Since Hornclauses are a fragment of FOL, it also holds for pure Prolog.

Shouldn’t this be the opposite?

Horn clauses are a fragment, so they are pretty certain to not derive everything that is true in a Model (to speak not even about a conclusion being unreachable for practical reasons). Just let them be “don’t know” (or “pseudo-false” under Negation-as-Failure, what I like to call “no evidence for”)

(Completeness is overrated anyway. Who wants to derive everything that is considered true? What is important is soundness: Do not label statements as true using a proof mechanism when they are aren’t true in the model. That would be bad!)

Here is a good reference:

https://plato.stanford.edu/entries/reasoning-automated/

Soundness and completeness are two (metatheoretical) properties of a calculus that are particularly important for automated deduction. **Soundness** states that the rules of the calculus are truth-preserving. For a direct calculus this means that if Γ ⊢ α then Γ ⊨ α. For indirect calculi, soundness means that if Γ∪{~α} ⊢ ⊥ then Γ ⊨ α. **Completeness** in a direct calculus states that if Γ ⊨ α then Γ ⊢ α. For indirect calculi, the completeness property is expressed in terms of **refutations** since one establishes that Γ ⊨ α by showing the existence of a proof, not of α from Γ, but of ⊥ from Γ∪{~α}. Thus, an indirect calculus is **refutation complete** if Γ ⊨ α implies Γ∪{~α} ⊢ ⊥. Of the two properties, soundness is the most desirable.
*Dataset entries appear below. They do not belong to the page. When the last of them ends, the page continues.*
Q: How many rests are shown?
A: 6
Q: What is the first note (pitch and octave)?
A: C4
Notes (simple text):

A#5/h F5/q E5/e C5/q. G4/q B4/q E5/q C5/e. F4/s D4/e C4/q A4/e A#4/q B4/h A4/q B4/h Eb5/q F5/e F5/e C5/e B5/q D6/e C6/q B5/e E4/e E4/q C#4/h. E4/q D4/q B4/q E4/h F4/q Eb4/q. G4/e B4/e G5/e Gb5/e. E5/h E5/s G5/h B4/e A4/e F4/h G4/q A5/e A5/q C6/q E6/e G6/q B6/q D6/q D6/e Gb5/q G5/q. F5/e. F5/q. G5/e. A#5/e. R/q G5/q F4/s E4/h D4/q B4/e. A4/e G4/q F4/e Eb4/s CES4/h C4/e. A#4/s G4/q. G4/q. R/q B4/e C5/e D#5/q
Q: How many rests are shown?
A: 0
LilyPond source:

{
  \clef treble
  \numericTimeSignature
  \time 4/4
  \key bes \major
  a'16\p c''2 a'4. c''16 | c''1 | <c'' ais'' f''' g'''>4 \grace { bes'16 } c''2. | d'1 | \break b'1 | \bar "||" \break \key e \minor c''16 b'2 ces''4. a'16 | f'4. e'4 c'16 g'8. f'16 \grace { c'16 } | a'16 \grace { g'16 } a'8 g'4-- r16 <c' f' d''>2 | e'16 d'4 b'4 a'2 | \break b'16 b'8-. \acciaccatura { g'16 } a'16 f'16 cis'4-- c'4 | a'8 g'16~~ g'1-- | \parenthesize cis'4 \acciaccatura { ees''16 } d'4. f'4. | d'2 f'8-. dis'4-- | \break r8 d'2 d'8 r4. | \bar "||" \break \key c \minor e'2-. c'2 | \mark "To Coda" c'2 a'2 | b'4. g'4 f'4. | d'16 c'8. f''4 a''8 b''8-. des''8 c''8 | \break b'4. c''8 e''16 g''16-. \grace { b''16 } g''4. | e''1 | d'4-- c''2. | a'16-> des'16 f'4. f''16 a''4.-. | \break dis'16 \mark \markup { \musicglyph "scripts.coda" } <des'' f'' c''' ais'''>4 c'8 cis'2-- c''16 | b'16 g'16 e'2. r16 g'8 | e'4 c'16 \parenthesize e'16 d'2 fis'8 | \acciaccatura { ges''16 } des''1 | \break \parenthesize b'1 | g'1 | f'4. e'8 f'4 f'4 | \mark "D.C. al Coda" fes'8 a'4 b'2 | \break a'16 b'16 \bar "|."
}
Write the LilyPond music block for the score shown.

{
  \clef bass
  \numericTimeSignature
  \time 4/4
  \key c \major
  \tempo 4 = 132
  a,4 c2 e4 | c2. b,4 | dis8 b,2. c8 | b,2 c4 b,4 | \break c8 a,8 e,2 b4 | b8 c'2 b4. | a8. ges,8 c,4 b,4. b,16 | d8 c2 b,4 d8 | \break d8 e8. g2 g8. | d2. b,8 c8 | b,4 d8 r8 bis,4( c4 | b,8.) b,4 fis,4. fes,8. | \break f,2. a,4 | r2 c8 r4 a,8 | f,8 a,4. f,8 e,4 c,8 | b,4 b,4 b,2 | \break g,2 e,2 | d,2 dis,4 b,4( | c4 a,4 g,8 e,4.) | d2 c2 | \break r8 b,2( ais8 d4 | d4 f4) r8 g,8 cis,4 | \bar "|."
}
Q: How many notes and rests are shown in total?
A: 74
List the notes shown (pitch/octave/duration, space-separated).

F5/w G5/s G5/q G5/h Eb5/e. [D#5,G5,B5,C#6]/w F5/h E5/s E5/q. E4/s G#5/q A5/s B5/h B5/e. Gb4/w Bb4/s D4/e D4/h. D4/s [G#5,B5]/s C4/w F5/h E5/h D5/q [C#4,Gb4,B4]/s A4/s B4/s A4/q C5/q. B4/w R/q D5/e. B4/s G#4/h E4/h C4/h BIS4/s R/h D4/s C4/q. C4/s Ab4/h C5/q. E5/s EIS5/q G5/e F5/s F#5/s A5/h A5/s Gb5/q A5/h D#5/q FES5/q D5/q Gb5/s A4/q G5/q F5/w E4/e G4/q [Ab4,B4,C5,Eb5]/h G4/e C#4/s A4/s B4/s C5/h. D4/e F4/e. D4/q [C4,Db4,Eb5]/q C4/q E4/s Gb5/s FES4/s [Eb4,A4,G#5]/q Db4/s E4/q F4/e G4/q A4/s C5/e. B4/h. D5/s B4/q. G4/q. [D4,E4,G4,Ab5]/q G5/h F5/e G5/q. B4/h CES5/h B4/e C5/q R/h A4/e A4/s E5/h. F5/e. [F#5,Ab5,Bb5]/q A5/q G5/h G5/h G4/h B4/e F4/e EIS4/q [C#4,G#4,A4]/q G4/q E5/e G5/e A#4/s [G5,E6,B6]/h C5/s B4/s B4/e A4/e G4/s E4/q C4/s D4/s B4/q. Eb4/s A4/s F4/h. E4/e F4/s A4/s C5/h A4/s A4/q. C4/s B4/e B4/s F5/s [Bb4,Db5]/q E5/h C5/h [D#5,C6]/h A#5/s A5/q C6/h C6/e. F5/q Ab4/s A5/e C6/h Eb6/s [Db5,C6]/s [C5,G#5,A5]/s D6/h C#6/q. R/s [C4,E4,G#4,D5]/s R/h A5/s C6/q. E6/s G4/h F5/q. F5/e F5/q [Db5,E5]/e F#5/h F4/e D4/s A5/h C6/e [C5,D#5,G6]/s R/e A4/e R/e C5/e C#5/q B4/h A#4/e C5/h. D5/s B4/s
An incomplete calculus indicates that there are entailment relations that cannot be established within the calculus. For an automated reasoning program this means, informally, that there are true statements that the program cannot prove. Incompleteness may be an unfortunate affair but lack of soundness is a truly problematic situation since an unsound reasoning program would be able to generate false conclusions from perfectly true information.

And a bit further:

Last but not least, in order to improve their efficiency, many implementations of Prolog do not implement unification fully and bypass a time-consuming yet critical test—the so-called **occurs-check** —responsible for checking the suitability of the unifiers being computed. This results in an unsound calculus and may cause a goal to be entailed by a Prolog program (from a computational point of view) when in fact it should not (from a logical point of view).

There are variations of Prolog intended to extend its scope. By implementing a model elimination procedure, the Prolog Technology Theorem Prover (PTTP) (Stickel 1992) extends Prolog into full first-order logic. The implementation achieves both soundness and completeness. Moving beyond first-order logic, λProlog (Miller & Nadathur 1988) bases the language on higher-order constructive logic.